GPA Midstream has not given up the fight against the U.S. Environmental Protection Agency's deeply flawed final rule on methane emissions from valves and vent systems, which the agency issued earlier this year. GPA has petitioned EPA to reconsider the parts of the rule harmful to our members and challenged the rule in federal court.
As written, the final rule imposes impossible compliance demands. In the federal court filing to request a stay of the rule’s implementation, GPA informed EPA that many, or even all, midstream companies will be out of compliance on the effective date and likely for many months afterward.
The rule, called “Standards of Performance for New, Reconstructed, and Modified Sources and Emissions Guidelines for Existing Sources: Oil and Natural Gas Sector Climate Review,” should be stayed and reconsidered by the EPA to address four key points.
1) The infeasibility of monitoring the vent gas net heating value that flows to flares or combustion devices from storage vessels. The ability to monitor the sporadic and mostly low-pressure releases, either continuously, or when using EPA’s alternative sampling procedure, is not technically practicable. GPA is asking EPA to allow other ways to demonstrate compliance with the rule using existing technology and industry capabilities.

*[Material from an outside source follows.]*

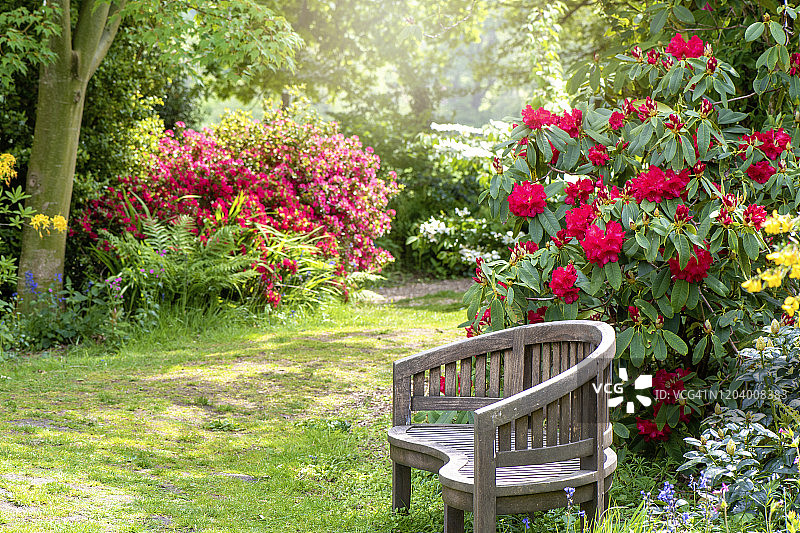 宁静的英式花园，木制长椅和夏季阳光下的红色绣球花图片素材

2) GPA’s petition asks EPA to allow attempts to repair a leaking valve before mandating replacement with a new low-emission valve or valve packing, as the rule now demands. If simple, inexpensive, and fast-acting measures will correct a leak, mandating a replacement is unjustified and unnecessarily wasteful.

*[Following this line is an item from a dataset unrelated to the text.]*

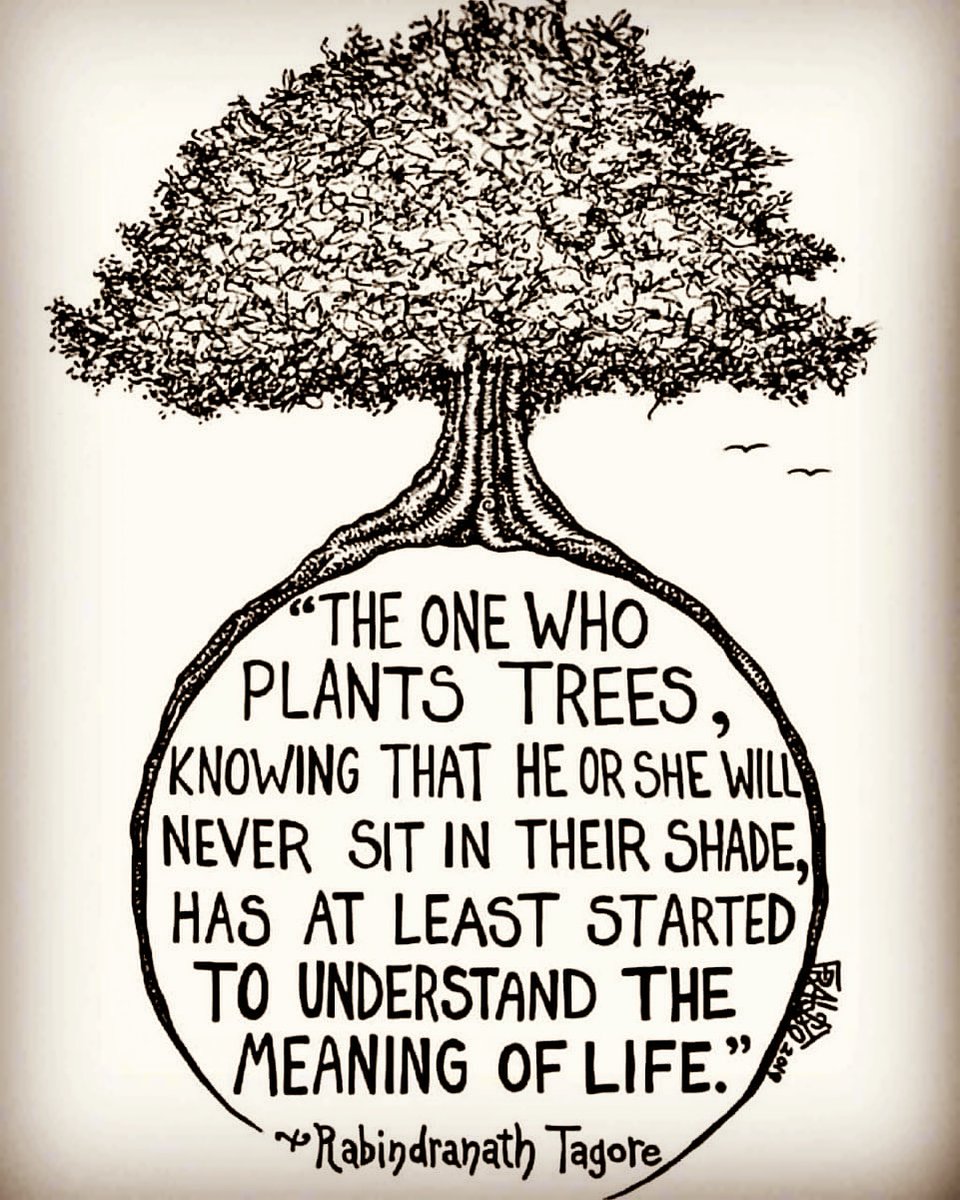 teachergoals's tweet photo. Thank you educators! 🧡 https://t.co/17gpT26DNp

3) The “no identifiable emissions” standard for closed vent systems is problematic. The rule imposes an unprecedented “zero emission” numeric standard despite EPA’s acknowledgement that all closed vent systems will develop leaks from time to time. Previously, these leaks were treated as work practice standards, where detection and repair satisfied the requirements.

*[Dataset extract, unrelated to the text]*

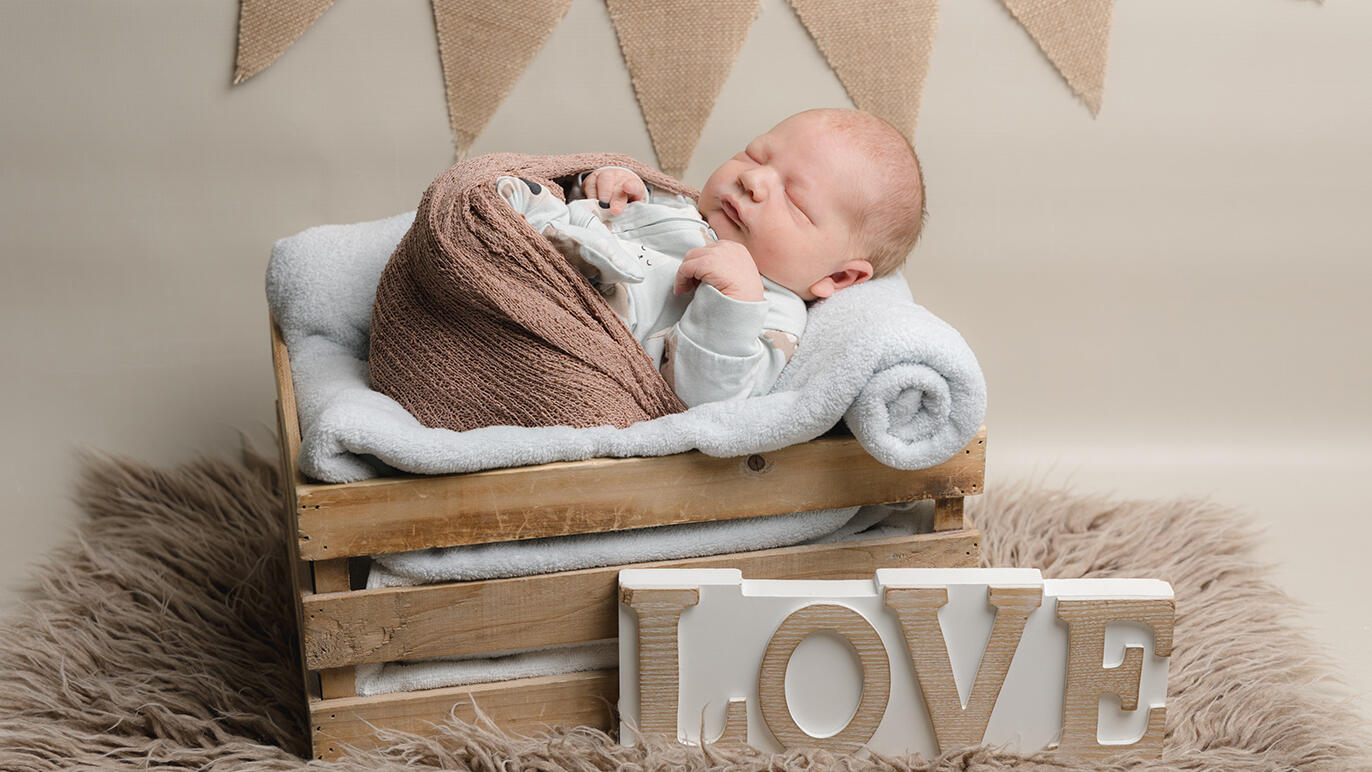 Bild von Levi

Under the rule’s numeric standard, the inevitable development of a closed vent system leak is a violation, even when quickly detected and repaired. This standard would force midstream companies into repeated non-compliance despite their best efforts. GPA has asked EPA to reconsider these standards and re-classify them as work practice standards.
4) GPA is also challenging rules around tank modifications. As written, the rule deems any increase in throughput of substances such as crude oil, condensate, intermediate hydrocarbons or produced water to be a “modification,” triggering additional permitting, recordkeeping and reporting.
Midstream storage tanks would be considered “modified” even when they had no advance notice of increased throughput from third parties, there was no physical change to the tanks, no change in how those tanks were operated, and no increase in emissions.
EPA should stay and reconsider this requirement because it violates the Clean Air Act’s definition of “modification” and is fundamentally unfair to midstream companies that don’t control the flow of liquids from upstream sources.
The most immediate concern is over the leaking valve replacement rule, and GPA has requested that EPA leaders convene a proceeding to reconsider the requirements, which were implemented without an opportunity for public comment and will lead to the waste of millions of dollars spent replacing functional equipment.